The problems don’t stop with Cage either. The accusations include Quantic Dream as a whole. One employee in particular was reported to have been photoshopping his fellow employees onto pornography and posting them around the office. When asked about this employee, Cage admitted to knowing about it but couldn’t stop because the photos were created on a personal computer, not a work one. It’s sad to see a man who considers himself so creatively powerful apparently rendered helpless by work/personal time limitations.
Again though, Cage’s problems just don’t seem to end, only pile on. The practices of Quantic Dream aside, Cage’s games are often problematic or at least troubling.

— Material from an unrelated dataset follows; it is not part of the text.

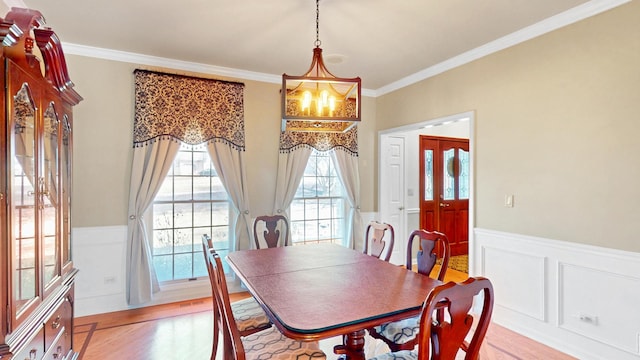 dining space with a chandelier, wainscoting, crown molding, and light wood-style flooring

Every game includes overtly sexual material. Sure, these titles often strive to represent typical or mundane tasks, however lengthy sequences like Ellen Page’s aforementioned shower scene, seem to be added for voyeurism rather than storytelling or character building. His games also often include allusions to larger issues at hand. For instance, the upcoming Detroit tells a story about how androids are differently treated. The starkness of Detroit’s aims become clear in the recently released demo.
In the demo you can play out a scene often seen in Detroit’s trailers. You’re an android hostage negotiator tasked with attempting to gather information and saving a little girl who has been taken by a rogue android. It examines androids having feelings, how humans treat androids, and the android’s roles in the divided society they operate in. It may be that the finished game discovers a way to examine these topics in a mature and valid way. Previous Cage games suggest otherwise. Often time these issues are merely presented, rarely carry any weight to them, and are often shown in overly dramatic settings.
Quantic Dream and David Cage create their own unique kind of games. No other major studio is developing games with a focus on the mundane movements of everyday life and attempting to attach complicated stories to them. Few games examine the themes and subject matter that these games often wade right into. However there is just too much baggage now saddled alongside Cage and his company. Too many issues and concerns to turn away from. I can understand why someone would enjoy a Quantic Dream game but for me enough is enough.
David Cage will probably keep making games. They get enough attention and positive reviews that he will keep pushing on. We have to draw a line though. We have to say that at some point Cage has created too much of a disgusting bubble around himself and, despite their merits, it affects what he makes. Detroit should honestly be reviewed based on its quality alone, however that’s where I draw the line. Detroit is still a David Cage game, the two cannot be separated, and there is no way I can support David Cage.